Ay man, that's my play brother. Don't talk like that to him.
My play sister hooked me up with the interview, and if I get the job I'm straight.
That's my play uncle. He usta come pick us up when my mama was too drunk.
You remember my play mama right? Girl yeah, she helped me get the down payment.
That's my play daddy-my god daddy....he fixed the engine leak.
It truly does take a village to raise a fucker--especially in a village ghettoland. We had such a great life growing up. Our mothers didn't play Bridge, or have pie baking contests at the local hall. But they did create a loving environment for us all. A fierce group of lionesses that watched their cubs, and would pounce at the first sign of danger.

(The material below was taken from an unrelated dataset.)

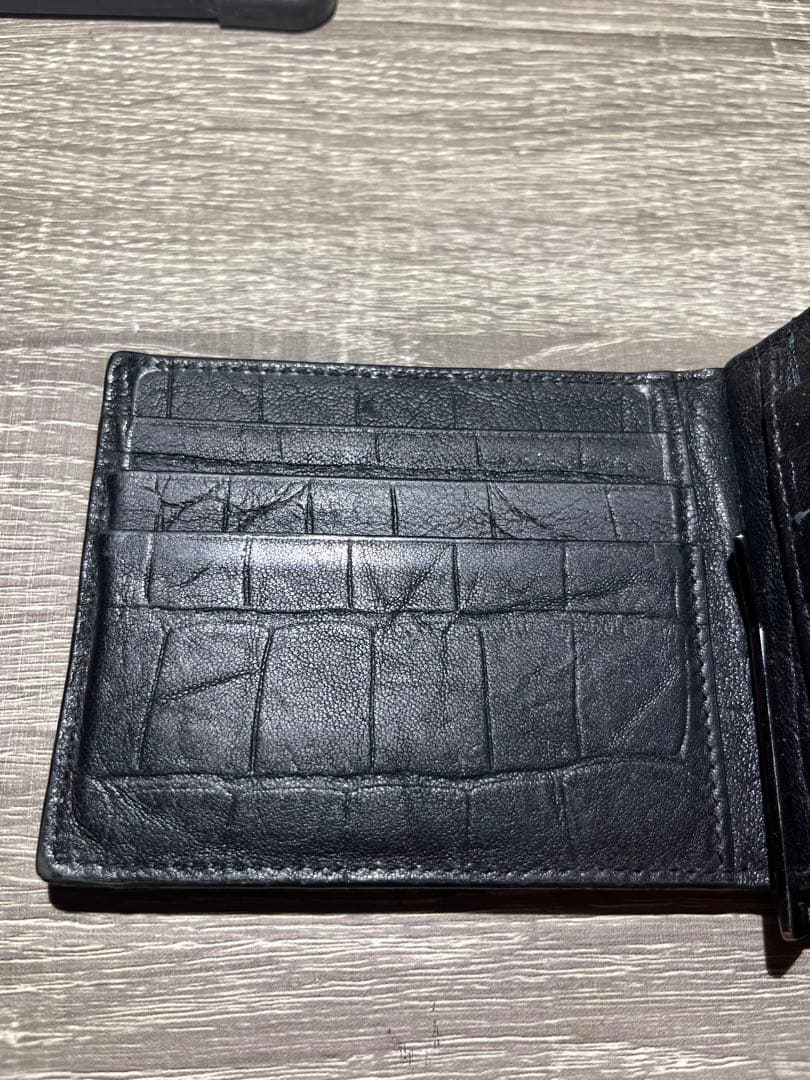 SAINT LAURENT ブラック マネークリップ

I never felt unloved, and certainly unwatched. I don't know if it's a cultural specific thing, but I can only speak to my unique Black midwestern (by the way of the Mason-Dixon) upbringing. We all had "play" relatives. My play cousin. My play mama. My play brother. It's a term that basically means an adopted person with whom you identify as family. The Jones-Matthew clan were my play relatives. We have all been neighbors since 1980. I've known them all since I was a toddler. Our mothers were close friends, the kids even closer, and now there are even a few grandkid crumbsnatchers.
Cecilia Jones Aaron. Mae Mae as we affectionately called her. Wife to Dave, mother to Danielle, twin sister to Cynthia. Mae did not suffer fools gladly--but she did gladly make fools suffer. She was acerbic with that gatdamn tongue, and funny as hell. Watching Mae Mae, Pill, Sylvia and my mom sit on the porch cracking them Stroh's keeping a watchful eye over us all as we played from dawn til dusk. My childhood bestie Boom and I, kept a watchful eye on the adults, as much they did on us. All little girls, want to emulate the adult women: lipstick, coiffed hair and pretty perfume. But that ain't what we were after. We watched them like hawks because we knew the moment they finished one of those beers, who ever made it to the fridge to retrieve the new ice cold beer? Got to finish the suds from the old one.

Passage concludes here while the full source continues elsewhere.